Bir bilsem Yusuf, bir bilsem. “Sen demin sigara içerken yarı açık pencerenin önünde” diyemedim; diyemedim “radyoda ‘bir ay doğar ilk akşamdan geceden’ çalıyordu.” Ama ağzımdan dökülüverdi:
“Bir çirkini bir güzele vermişler, bilir misin Yusuf bunu?”
“Öyle değil ki, abi! ‘Bir güzeli bir çirkine vermişler’ onun doğrusu!”
“Farkeder mi?”
“Ne bileyim abi, bildiğim türkü böyle.”
“Bir zamanlar bir büyücü varmış Yusuf, çirkin mi çirkin” --- gülümsediğimi eklemem lâzım buraya.
“Allaaah, yine masal mı var abi?”
“Ya bi dur, toparlamaya çalışıyorum. İşte bu büyücü o diyârın prensine aşık olmuş. Bir yolunu bulup, gitmiş, o prensin gönlünün olduğu komşu diyârın prensesinin babasının huzuruna çıkmış.”
“Vaay, tabii komşu diyârın kralı bu büyücüyü tanımıyor, di mi abi?”
“Ya hû Yusuf, büyücü bu, canı isterse tanınmaz! Her masal anlattığımda aynısı; sen hiç masal dinlememişsin küçükken demiyor muyum ben sana. Neyse, gitmiş krala demiş ki, ‘senin kızın çok talibi vardır. Sen en iyisi gelen adaylara bir soru sor; kim o soruyu bilirse, prenses Onu seçsin’.”
“Soru neymiş, soru neymiş?”
“Soruyu boşver şimdi; sonra söylerim. Ama elbette büyücü uygun bir soru bulmuş! Kral kabul etmiş. Her kim geldiyse, eli boş dönmüş. Sıra bizim prense gelmiş.”
“Eee,”
“Tabii bizim prens de boş dönmüş. Ama prensin bir arkadaşı varmış. Bizim büyücüyü anlatarak demiş ki, ‘şurada şöyle bir büyücü var; bütün soruların yanıtını bilir.’ Prens hemen bizim büyücünün yanına gelmiş. Durumu anlatıp, soruyu sormuş. Büyücü ‘yantı biliyorum’ demiş; ‘ama bir şartım var.’ ‘Nedir’ demiş prens. ‘Benimle evleneceksin.’…

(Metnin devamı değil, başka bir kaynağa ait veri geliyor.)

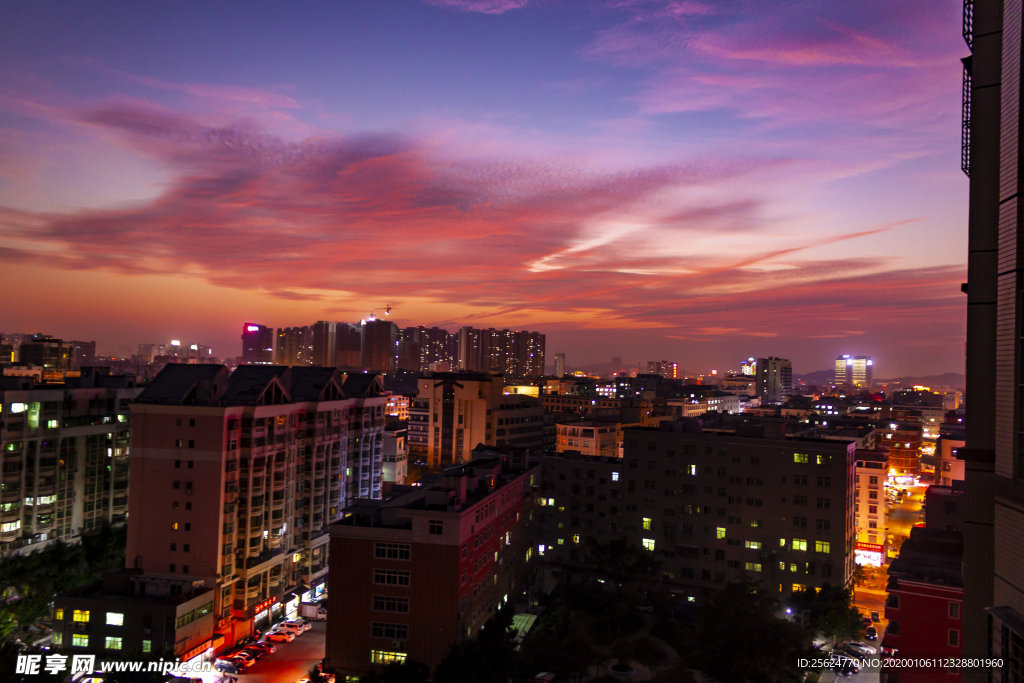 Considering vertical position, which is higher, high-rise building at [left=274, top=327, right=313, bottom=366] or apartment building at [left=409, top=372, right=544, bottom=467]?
high-rise building at [left=274, top=327, right=313, bottom=366]

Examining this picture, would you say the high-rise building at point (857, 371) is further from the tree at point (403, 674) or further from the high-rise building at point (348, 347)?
the tree at point (403, 674)

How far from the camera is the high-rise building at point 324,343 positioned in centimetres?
12412

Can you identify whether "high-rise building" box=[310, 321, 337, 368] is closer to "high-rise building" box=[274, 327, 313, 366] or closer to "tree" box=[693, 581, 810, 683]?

“Haydaa, oldu mu abi! Prens, komşu diyârın prensesiyle evlenmek için düşmedi mi bu yola?”
“İşte benim müsvedde tam burada kaldı Yusuf! Hadi sen kapat etrafı, ben de toparlanayım; yolda anlatırım.”
Yusuf’un kapatma ritüelini seyretmeye bayılırım. Ama bu akşam aklımdaki pencerelerden biri son paragrafımda; ötekinde ‘…madem soysuz gönlün bende yok idi, niye doğru yoldan şaşırttın beni’ tekrar edip duruyor; bir diğer pencereden yine kısa kesilmiş saçlarıyla O beline kadar sarkmış, yan komşuyla bağırış, çığırış konuşuyor.
“Geldim abi!”
“Ne çabuk Yusuf!”
“Yok abi, her zamanki gibi, n’olcak! E, hadi, ne cevap vermiş prens?”
“Prens kabul etmiş.”
“Nasıl yani?!”
“Nasılı var mı Yusuf, öyle bir soru ki, arıyorsun, tarıyorsun, düşünüyorsun, soruşturuyorsun, günlerin gecelerini bekliyor, gecelerin karanlığı bütün gölgeleri saklıyor; …”
“Abi takmışsın sen bu gölge meselesine, sadede gelsen!”
“Tüm aklını bu soru kaplıyor, yavaş yavaş hafızanı kaybetmeye başlıyorsun, hangi yemeği sevdiğini unutuyorsun, arkadaşlarınla muhabbet zevkin kayboluyor; yanıtını bilmek istemez misin?”
“Soruyu unutsam?”
“İşte bu mümkün olamamış prens için ve evlenmeyi göze almış. Eh, kırk gün, kırk gece düğün yapılmış diyemedim; çünkü bizim diyârın kralı prensi evlatlıktan reddetmiş. Komşu diyârın prensesi bir manastıra kapanmış ---da diyemedim; kraliçe olmuş babası hastalanınca--- Şu kapının ardındaki gibi güzel bir ağaç bulup ---Yusuf bak dolunay karşıdan bakıyor; ne güzel değil mi--- altında evlenmişler. Ne o nereye bakıyorsun?”
“Hiç abi, sanki biri bizi dinliyormuş gibi geldi.”
“Büyücü prense sormuş sorunun yanıtını vermeden önce: ‘bak demiş,’ der demez, aman Allahım böyle bir güzellik olamaz, o çirkin büyücü gidip, yerine bir âhû gelmiş. Prens şaşkın bakakalmış. Büyücünün ağzında çıkanları duyamaz olmuş prens.”
“Öyle bir güzellik yani abi!”
“Demiş ki büyücü: ‘İstersen sürekli böyle güzel olabilirim!’ Şaşırmış prens. ‘Ama’ diye devam etmiş büyücü ‘çirkin halime de dönebilirim. Kararı sen vereceksin’ demiş prense. ‘Eğer güzelliğimi istersen onu sadece sen görebileceksin; etrafta başka insanlar olduğunda tekrar çirkin halime döneceğim. Ya da’ demiş; ‘sadece etrafta başka insanlar olduğunda böyle güzel olacağım; ama yalnızken beni ilk gördüğün zamanki gibi çirkin. Seç birisini.’ Ne diyorsun Yusuf hangisini seçerdin?”
“Abiii, sakın büyücünün prensese bütün prens adaylarına sorması için önerdiği soru bu olmasın?”
“İşin aslı, o soruyu bilmiyordum Yusuf! Şimdi sen söyleyince, öyle ya, neden olmasın; bir dahaki sefere öyle mi anlatsam?”
“Sen ne yanıt verirdin abi?”
“Sorunun yanıtını verdikten sonra büyücü, hiç önemli değil derdim! Böyle bir soruyu sorabiliyorsa, kimbilir başka hangi soruları vardır!”
Yusuf’u evine bıraktım. Tekrar sahile dönüp, şu Kasım rûzgarını tuzlu almak istedi canım. Uykumu getirir mi acaba? Dolunay tam arkamda kapıdan geçiyorum. Gölgem önümde. Söyle bana ne var önümde?